13 units = 1,040 - 52 - 52 - 26 = 910
1 unit = 910 ÷ 13 = 70

Shop A is 8 units, so 8 x 70 = 560
Shop B is 5 units + 52 + 52 + 26 = 5 x 70 + 130 = 480

Answer: Shop A has 560 sacks of rice at first and Shop B has 480.


Help needed said...

There are 600 children in Team A and 30% of them are boys. There are 400 children in Team B and 60% of them are boys. After some children are transferred from Team B to Team A , 40% of the children in Team A and 60% of the children in Team B are boys. How many children are transferred from Team B to Team A?

This question is tricky - I couldn't solve it using models, I used a combination of ratio, percentage and algebra. First, we are given the number of children in each team, so we can work out how many boys and girls there were in each team originally.

600 x 30% = 180, so Team A originally had 180 boys and 420 girls (600 - 180)
400 x 60% = 240, so Team B originally had 240 boys and 160 girls (400 - 240)

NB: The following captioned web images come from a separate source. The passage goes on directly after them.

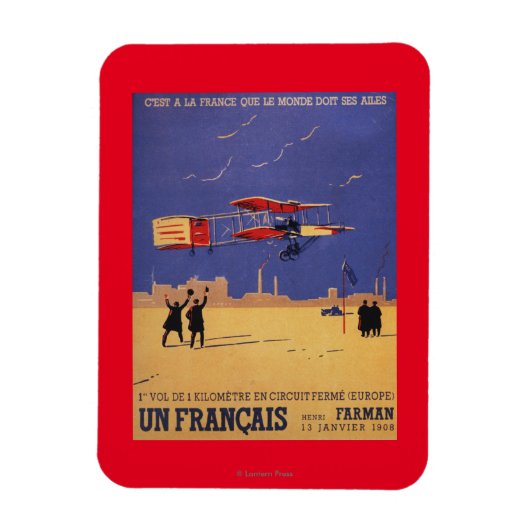 Magnet Flexible Henry Farman vole à Issy-les-Moulineaux (Vertical)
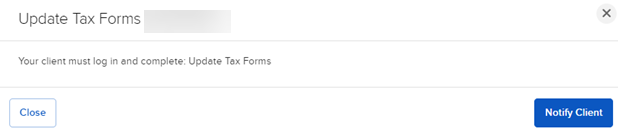The notify client button in portal. 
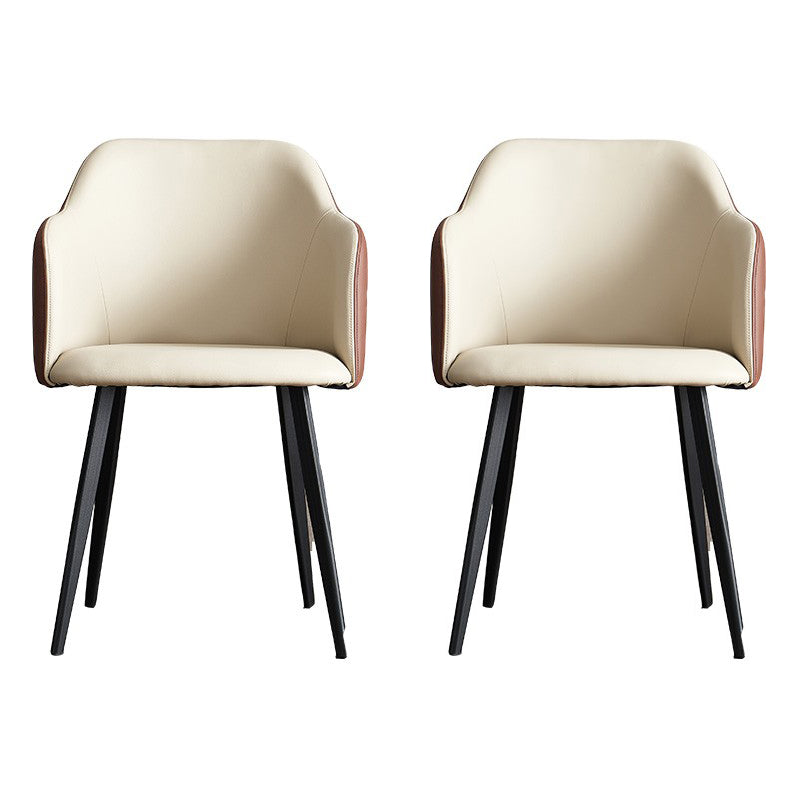 Sillas tapizadas con respaldo sólido de comedor de cuero de estilo moderno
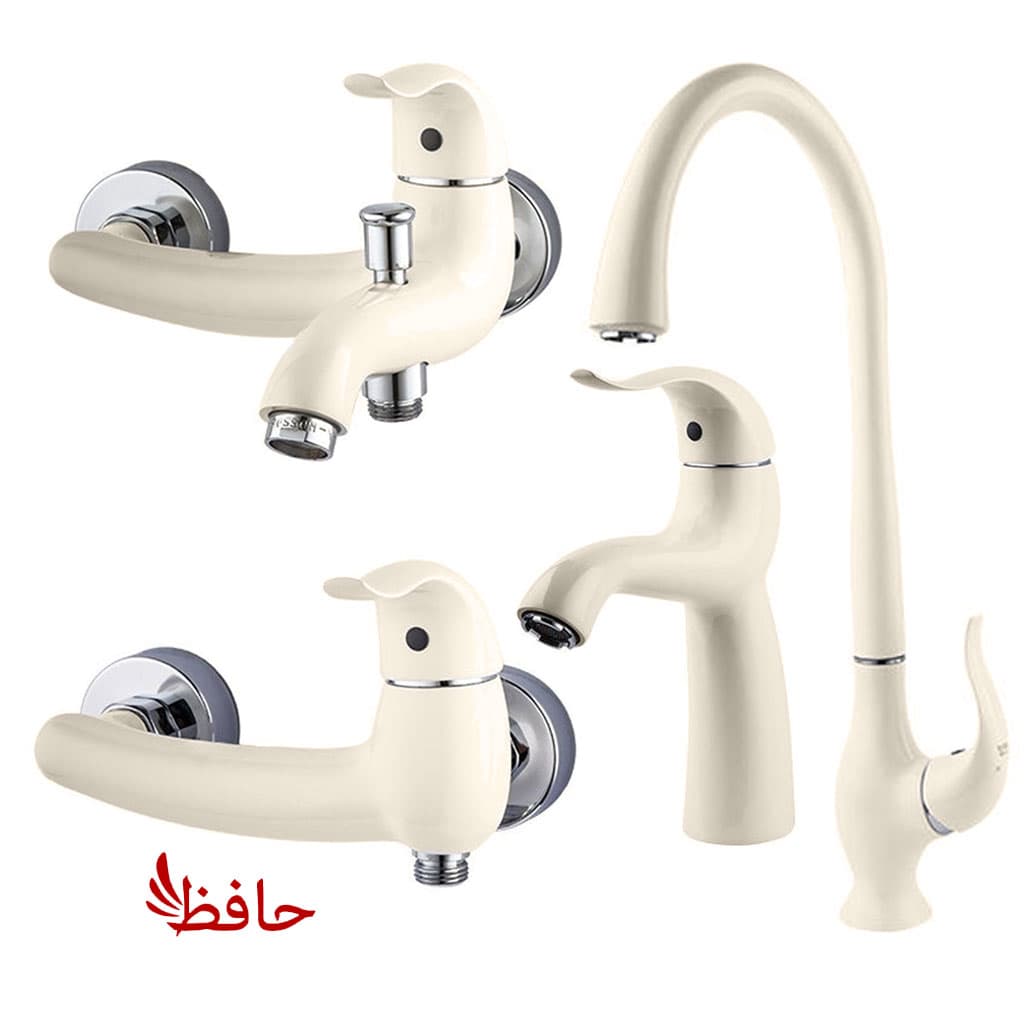 ست شیرالات راسان مدل اکتاو شیری کروم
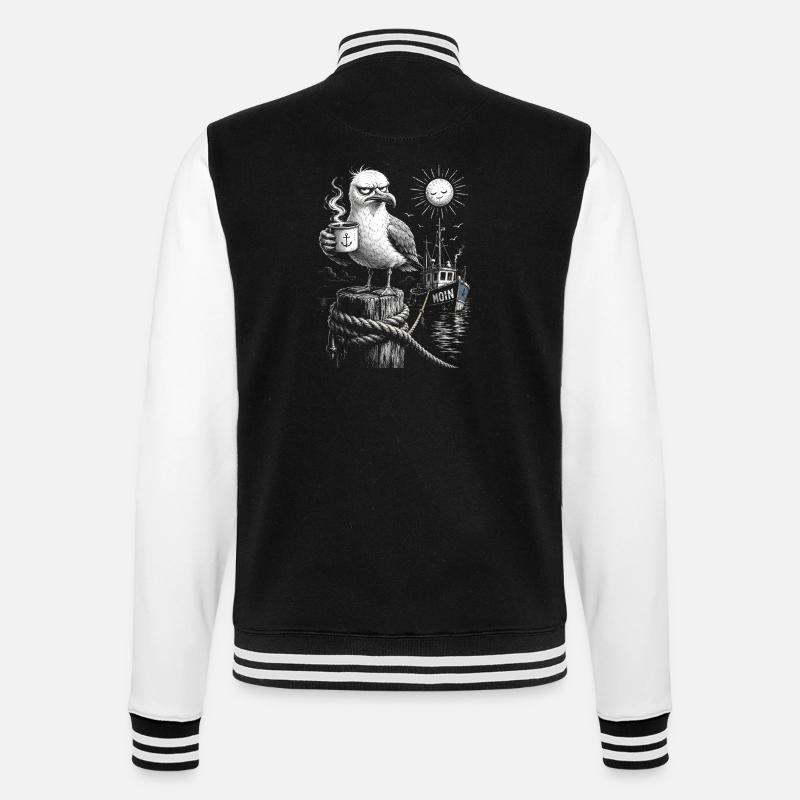 MOIN – Grummeliges Möwe mit Kaffee - Veste Teddy - noir/blanc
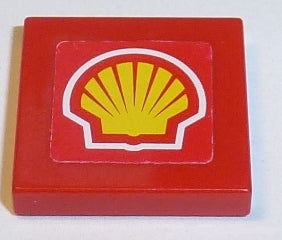 LEGO 3068pb1070 Tile 2 x 2 with Shell Logo on  Background Pattern (Sticker) - Set 8362 - Main Product Image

Next, we use ratio. The ratio of girls to boys was:

At first: Team A - 7 : 3 Team B - 4 : 6
After : Team A - 6 : 4 Team B - 4 : 6

Notice that the ratio of girls to boys for Team B remained the same, even after the transfer. This means that the proportion of girls and boys transferred out of Team B was also 4 : 6 (or 2 : 3), ie 2 units of girls and 3 units of boys were transferred out.

Using algebra, the number of children in Team A after the transfer can be expressed as:

(Girls) 420 + 2 units = 60%
(Boys) 180 + 3 units = 40%

The lowest common multiple of 60 and 40 is 120, so convert both equations to = 120 and you can combine both equations.

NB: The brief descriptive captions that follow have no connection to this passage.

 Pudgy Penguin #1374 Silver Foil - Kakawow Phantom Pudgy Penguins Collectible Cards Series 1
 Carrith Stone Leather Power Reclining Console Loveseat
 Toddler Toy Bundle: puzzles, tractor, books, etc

2 (420 + 2 units) = 3 (180 + 3 units)
840 + 4 units = 540 + 9 units
9 units - 4 units = 840 - 540
5 units = 300

Remember a total of 5 units of children were transferred out of Team B (2 units of girls and 3 units of boys), so you don't even need to find out how many children is represented by 1 unit.

Answer: 300 children were transferred from Team B to Team A.

If anyone can solve this problem using models, do let me know.

8 comments:

eunice said...

Once again, I kow tow to you and can I say (again) " I'll be sending Sean to you for tutoring!"

monlim said...

no lah, but can i take it that you're coming back to SG??

Lilian said...

Hey Mon, I have the second question in my notebook and above the question I had written "Model?", cos couldn't do it by model. Brian and I did it by algebra, but slightly differently. I could do the first one by model but he still resorted to algebra; getting lazy after I told him he could use algebra for back-up. Now he's using it as first, not last, resort.

monlim said...

I think Brian has got algebra down pat in which case, no need to worry about model lah! I don't think Lesley-Anne would be able to do Q2.

eunice said...

Monica, not going back to Sin but the next time I do go back I definitely want to meet up with you.It's funny that we have never met!!!

monlim said...

Eunice: I know, it's so funny to "know" someone that you've never met so well, such is the internet age! Would love to meet up the next time you're back.

Anonymous said...

Hi

Another one, but this time there is transfer from Hall A to Hall B as well as from Hall B to Hall A

In Hall A, 30% of the 800 people were men. In Hall B, 40% of the 400 people were women and children. After some of the people in both halls had switched hall, 25% of the people in Hall A and 75% of those in Hall B were men. How many people were there in Hall B after the change?

Anonymous said...

Hi

Can this problem be solved with Model Drawing?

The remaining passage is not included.